XXV. SARAH BÂCHE.
* Mr. William Duane, to whose pen the reader is indebted for this sketch—is the grandson of Mrs. Bâche.
Sarah, the only daughter of Benjamin Franklin, was born at Philadelphia, on the eleventh of September, 1744. Of her early years no particulars can now be obtained; but from her father's appreciation of the importance of education, and the intelligence and information that she displayed through life, we may presume that her studies were as extensive as were then pursued by females in any of the American colonies.

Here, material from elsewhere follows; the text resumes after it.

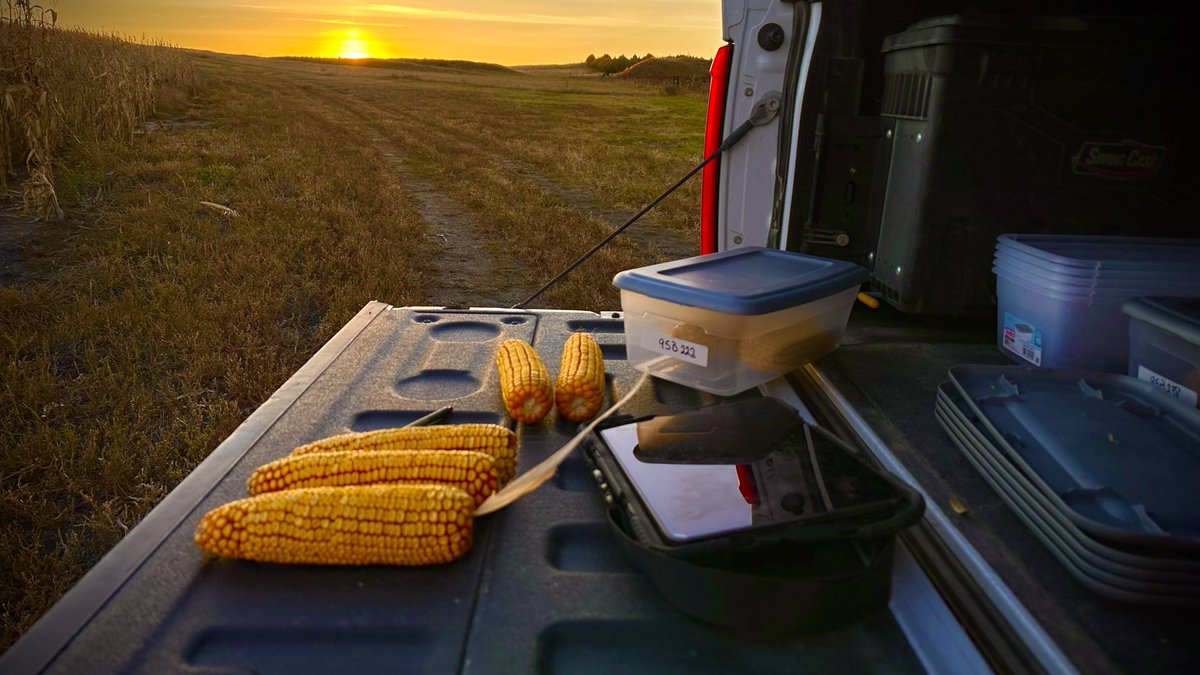 wardynmi's tweet photo. End of a good day looking at corn north of Alliance, NE. ⁦@PioneerSeeds⁩ ⁦@CaseyJagers⁩ ⁦@csauder34⁩ https://t.co/MPltkbF8sc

In 1764, she was called to part with her father, sent to Europe for the first time in a representative capacity. The people of Pennsylvania were at that time divided into two parties—the supporters and the opponents of the proprietaries. The sons of Penn, as is known, had left the religion of their father, and joined the Church of England; and the bulk of that persuasion were of the proprietary party. The mass of the Quakers were in opposition, and with them Franklin had acted. After having been for fourteen years a member of the Assembly, he lost his election to that body in the autumn of 1764, by a few votes; but his friends being in the majority in the House, immediately elected him the agent of the province in England. The proprietary party made great opposition to his appointment; and an incident occurred in connection with it that shows us how curiously the affairs of Church and State were intermingled in those days. A petition or remonstrance to the Assembly against his being chosen agent, was laid for signature upon the communion-table of Christ Church, in which he was a pew-holder, and his wife a communicant. His daughter appears to have resented this outrage upon decency and the feelings of her family, and to have spoken of leaving the church in consequence; which gave occasion to the following dissuasive in the letter which her father wrote to her from Reedy Island, November 8th, 1764, on his way to Europe: "Go constantly to church whoever preaches. The act of devotion in the common prayer-book is your principal business there; and if properly attended to, will do more towards amending the heart than sermons generally can do; for they were composed by men of much greater piety and wisdom than our common composers of sermons can pretend to be; and therefore I wish you would never miss the prayer days. Yet I do not mean you should despise sermons, even of the preachers you dislike, for the discourse is often much better than the man, as sweet and clear waters come through very dirty earth. I am the more particular on this head, as you seemed to express a little before I came away some inclination to leave our church, which I would not have you do." *
* The manuscript letters from which extracts are made in this memoir, are in the possession of Mrs. Bache's descendants in Philadelphia.
The opinion entertained by many that a disposition to mobbing is of modern growth in this country is erroneous. In Colonial times outrages of this character were at least as frequent as now. Dr. Franklin had not been gone a year before his house was threatened with an attack. Mrs. Franklin sent her daughter to Governor Franklin's in Burlington, and proceeded to make preparation for the defence of her "castle." Her letter detailing the particulars may be found in the last edition of Watson's Annals of Philadelphia.
The first letter from Sarah Franklin to her father that has been preserved, was written after her return from this visit to Burlington. In it she says, "The subject now is Stamp Act, and nothing else is talked of. The Dutch talk of the 'Stamp tack,' the negroes of the 'tamp'—in short, every body has something to say." The commissions which follow for gloves, lavender, and tooth-powder, give us a humble idea of the state of the supplies in the Colonies at that day. The letter thus concludes: "There is not a young lady of my acquaintance but what desires to be remembered to you. I am, my dear, your very dutiful daughter,
"Sally Franklin."
In a letter dated on the 23d of the following March (1765), the Stamp Act is again mentioned: "We have heard by a round-about way that the Stamp Act is repealed. The people seem determined to believe it, though it came from Ireland to Maryland. The bells rung, we had bonfires, and one house was illuminated. Indeed I never heard so much noise in my life; the very children seem distracted. I hope and pray the noise may be true."